Here is the definition of mutual information
$I(X;Y) = \int_Y \int_X p(x,y) \log{ \left(\frac{p(x,y)}{p(x)\,p(y)} \right) } \; dx \,dy,$
where $x$ and $y$ are two random variables and $p(x)$ and $p(y)$ are their PDFs, and $p(x,y)$ is the joint density.
I am wondering what is the derivative of $I(x;y)$ with respect to any one of the individual distribution $p(x)$, or $p(y)$? Namely
$\frac{dI(x;y)}{dp(x)}=?$ assuming $p(y)$ is known, or $\frac{dI(x;y)}{dp(y)}=?$ , assuming $p(x)$ is known.
Intuitively, if $p(y)$ is known, then when $p(x) = p(y)$, the mutual information get its largest. When $p(x)$ varies, we should get some behavior of mutual information $I(x;y)$.
Thanks.
Note that changing the distribution of $X$ inevitably changes the distribution of $Y$ (unless you are considering the trivial case where $p_{X,Y}(x,y)=p_X(x)p_Y(y)$ for which $I(X;Y)=0$ by default). Therefore, there is no meaning in looking for the "derivative" of $I$ with respect to $p_X(x)$ assuming $p_Y(y)$ fixed. For the same reason, the claim that, given $p_Y(y)$, the optimal distribution of $X$ is $p_X(x)=p_Y(x)$ does not make sense.

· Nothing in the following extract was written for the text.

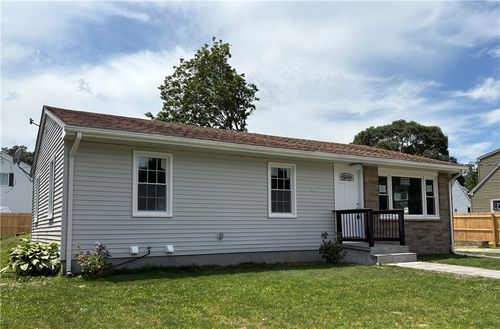 34 Massachusetts Ave, Cumberland, RI, 02864-5710 | Card Image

What does make sense is to understand how $I(X;Y)$ varies with $p_X(x)$ with $p_{Y|X}(y|x)$ (not $p_Y(y)$!!!) fixed. A well-known related result that might be of interest to you is the following:
Assuming that $p_{Y|X}(y|x)$ is Gaussian distributed with mean $x$ (i.e., $Y=X+N$, where $N$ is distributed as zero mean Gaussian), the distribution of $X$ that maximizes $I(Y;X)$ is Gaussian.